» Data extracts:
* * * *
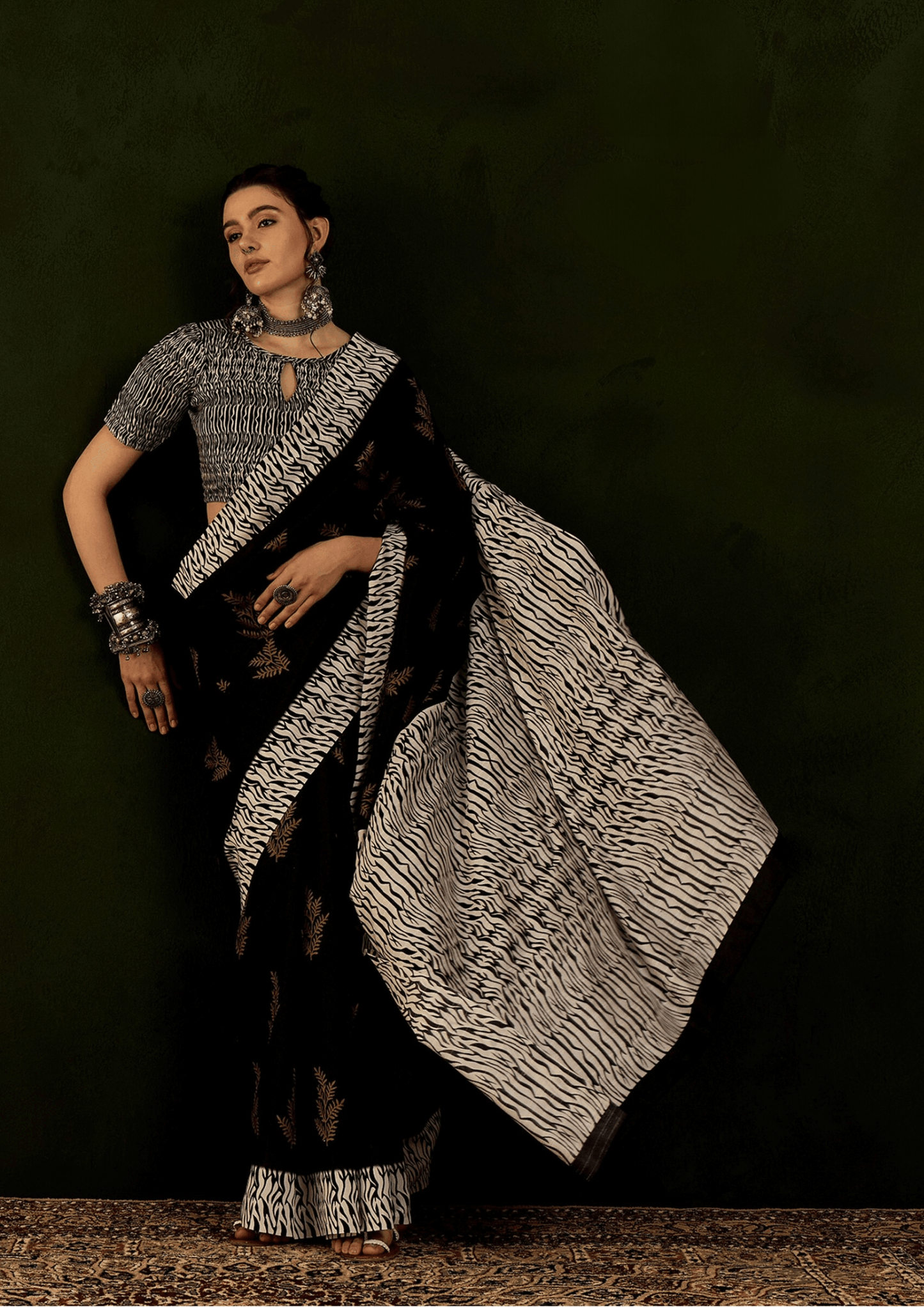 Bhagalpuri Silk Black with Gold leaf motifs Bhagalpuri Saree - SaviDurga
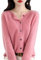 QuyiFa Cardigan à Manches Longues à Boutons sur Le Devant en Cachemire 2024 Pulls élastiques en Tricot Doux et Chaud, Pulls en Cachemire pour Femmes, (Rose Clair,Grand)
* * * *
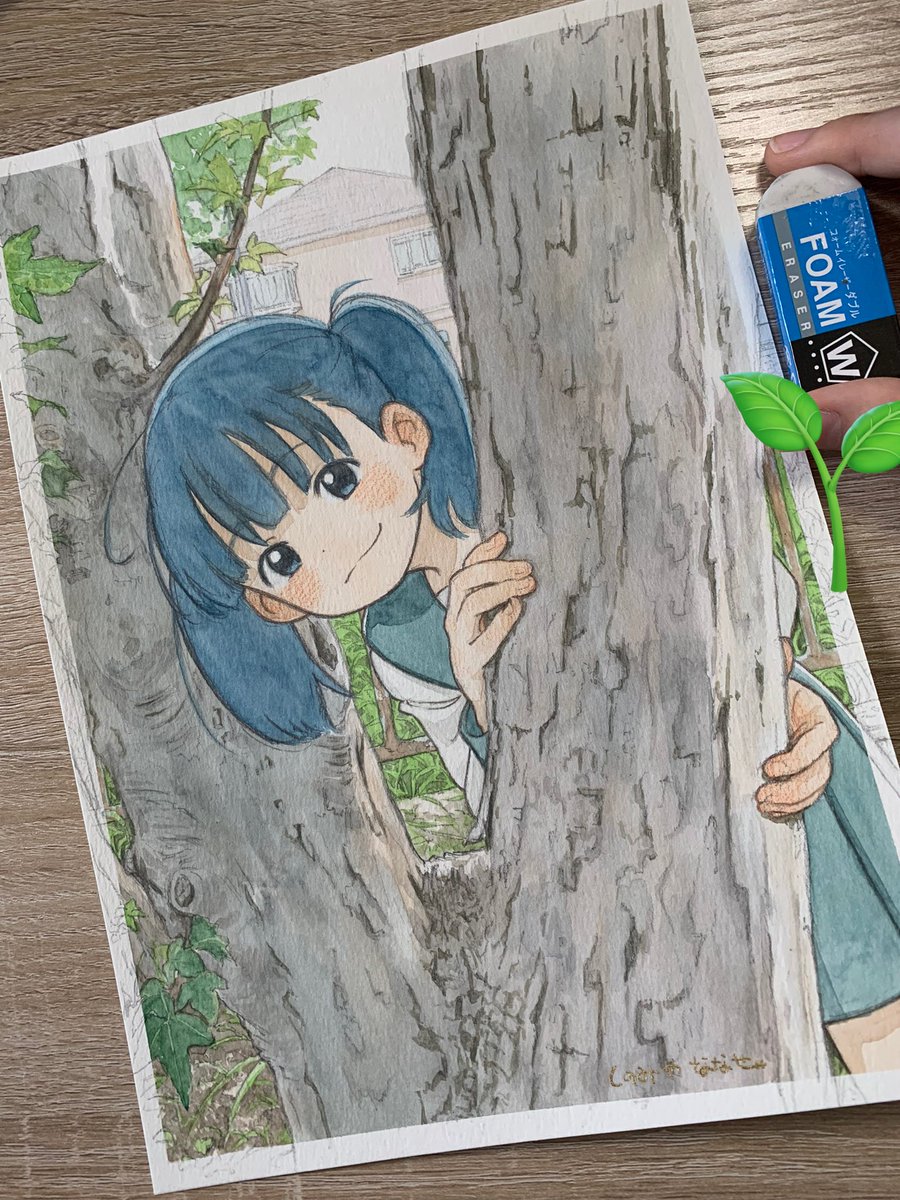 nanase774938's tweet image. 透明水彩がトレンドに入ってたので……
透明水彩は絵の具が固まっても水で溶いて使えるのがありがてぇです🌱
* * * *
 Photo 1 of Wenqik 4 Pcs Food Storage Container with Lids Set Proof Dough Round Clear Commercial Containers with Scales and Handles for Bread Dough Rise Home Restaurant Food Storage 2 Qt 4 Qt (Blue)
* * * *
» What is required: Copy only what runs above from the line containing "nanase774938's tweet image." through the line containing "透明水彩は絵の具が固まっても水で溶いて使えるのがありがてぇです🌱", exactly. Leave out the pictures.

» Exercise response:
 nanase774938's tweet image. 透明水彩がトレンドに入ってたので……
透明水彩は絵の具が固まっても水で溶いて使えるのがありがてぇです🌱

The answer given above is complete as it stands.